Sunday, December 15, 2019

The Wandering Warlord Peasant

Back when I thought I could conquer the world

I no longer live among my people. I cannot afford to be recognized - even by myself. The familiar hills and streams of my youth are forbidden to me. Faces that once greeted me with a smile are gone forever. I've become a stranger to my samurai soul. It's as if I woke up from a dream to find my waking life a nightmare.

In My Time Of Certainty I made decisions of life and death never doubting them in my hallowed clarity. What is this curse that deceives the mind so completely that the more wrong we are the greater our conviction? This bewitching will be the downfall of Mankind. It certainly brought the downfall of me.

I hear scarce tales of my province, morsels of hope I dare not consume. My lust to rule the land blew me like a tumbleweed down a path of inevitable destruction. First my father, then my brother - dead by my command. Our conspiracy to rule the clan was a success. Winning is its own justification in a bent world, we believed. Those were heady days. There was an anger to all that we did.

That was twenty odd years ago but every day is the same for me now. The Shogun has united us and the nation has moved on from the warring era. I am but one remnant, one of many fools left to litter the land in our failed and myopic bids to seize power. I murdered for nothing. As my castle burned by the hand of Toyotomi's army, I retreated into the forest donning a scarf around my head, never looking back. I drift from village to village as an unredeemable sot who spends every last yen on warm sake. But my life remains cold.
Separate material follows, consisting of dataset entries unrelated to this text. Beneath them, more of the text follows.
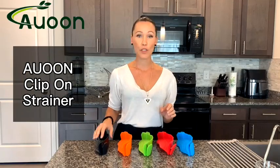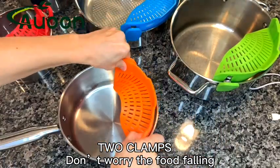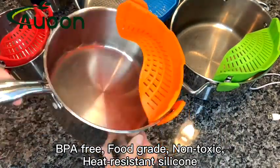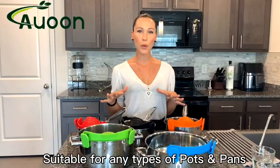Hello shoppers, today we'd like to share with you one great product — it's a strainer. These strainers are made of high quality silicone. It's BPA free, it's food grade, it's non-toxic, and also it's high heat resistant. This strainer is suitable for any type of pots — they all fit.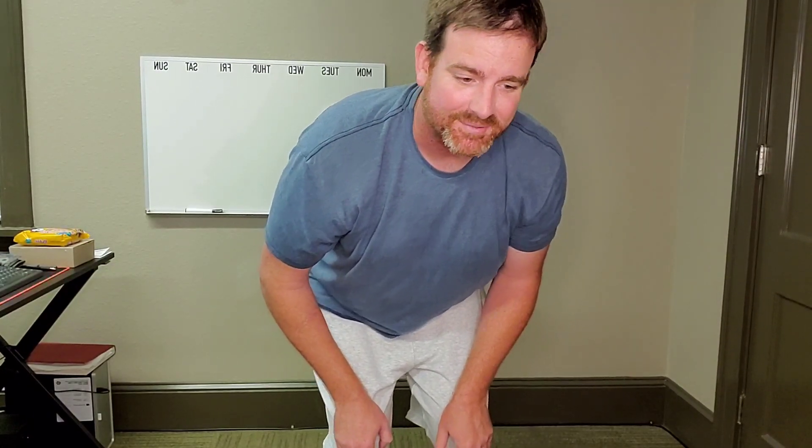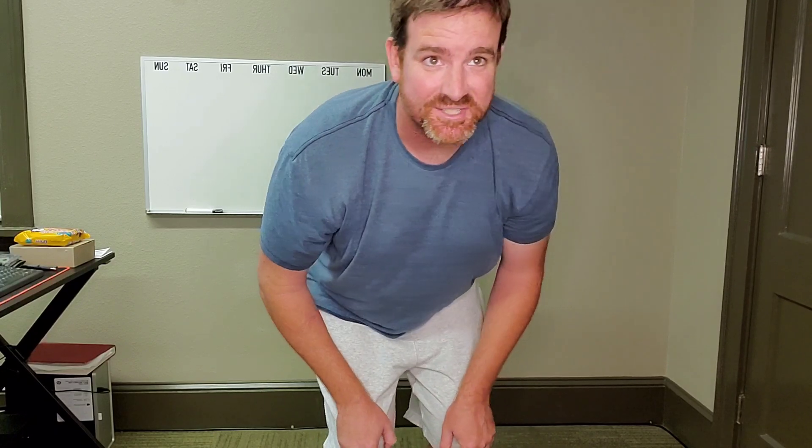Now stand up but not all the way — chair position, hands like this. You're on hour five of SAT testing, no restroom break, and that coffee's knocking at the back door. Just hold tight. Almost there. Feel the stretch. Feel the burn.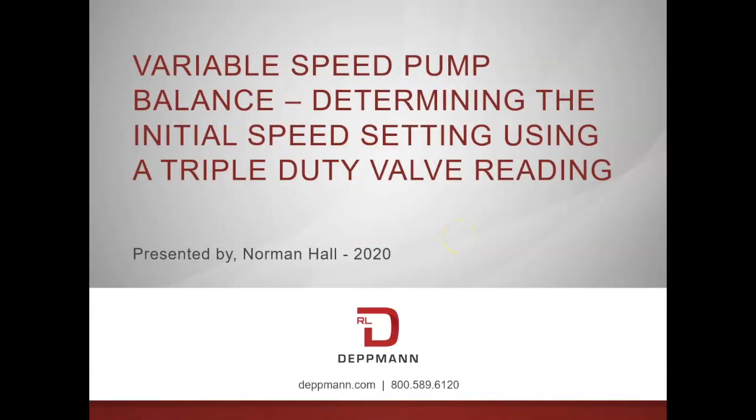Hi, my name is Norm Hall. I'm with the RL Detman Company and this is a video on setting the pump speed after the balance contractor has proportionally balanced the system. We can identify the pump overheading using a triple duty valve and the differential pressure across it.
Then it all came crashing down

I'm not to be trusted to make decisions. I work for the farmers in safe day labor. I look up at the sun as it arcs in the sky, praying it does not betray me, praying it does not bear witness on my past. They say I lack energy but it's the weight of the light that drags me down. To whom can I reveal my horrors? Had I done these dastardly deeds and become Shogun, would anyone care of my murders? Would I care? Our murderous Shogun seems unperturbed.

I'll never know. All I know is that the image of the rising smoke from behind the mountain as my imperial dreams disappeared in a forlorn cloud is forever branded on my brain. I'm a laughingstock to the gods. I realize the anger that brought me to this hellish place must be eschewed at all costs. Maybe then I can serve a purpose. But, oh, how they would run from me if they knew the brotherly blood on my hands. At the time, I said to myself, "There is no other way."

I'm not the only clan leader who committed familial crimes. The whole country was mad in those wide open times of lawlessness. Is freedom a sin if it only unleashes violence? Are we a better country in the iron grip of the Shogun? Yes, that grip has stalled our civil war that lasted a hundred years but is that the same as serving justice? Does my fleeing from decisions make me an honest person? Perhaps there is no escape from this.

Hardest battle of all

Who am I to give advice? If I came clean no one would listen to such an obvious fool. But I still cling to a sliver of morality however irrational even if based on others' ignorance. The farmer I work for is in dispute with his neighbor. I kept my mouth shut until I could hold my tongue no longer. I told him he had to be hard and ruthless in this world. "Do you want to survive or not?" I could feel the old fever as I was speaking to him. But were my words merely embers of my old rage?

It's myself I seek to escape. Once having lusted after the throne my spirit cries out for more. But I feel chained to my mistakes of the past, doomed to repeat them in helpless servitude. There must be some step I need to make. I've heard the farmer speak of how peasants like him were caught in the hellish crossfire between clan warlords and the tragedies that ensued. I have to admit during that time I never gave that a second thought. Would they lynch me if I came clean now? Could I blame them?

I till the farmer's soil. The earth is good in its blind benevolence to even the worst of sinners. I am defeated. In way, as self-serving as this may sound, I'm glad I did not win. I see so much of myself in the arrogant and corrupt rulers who lord over us. I have been spared that fate - and I cannot join the shogunate even if solicited to do so. I'm a part of no world, discarded refuse floating through universe. Is there a life left for me to find? Would I have the courage to face it? The courage of war is of no use in times of life.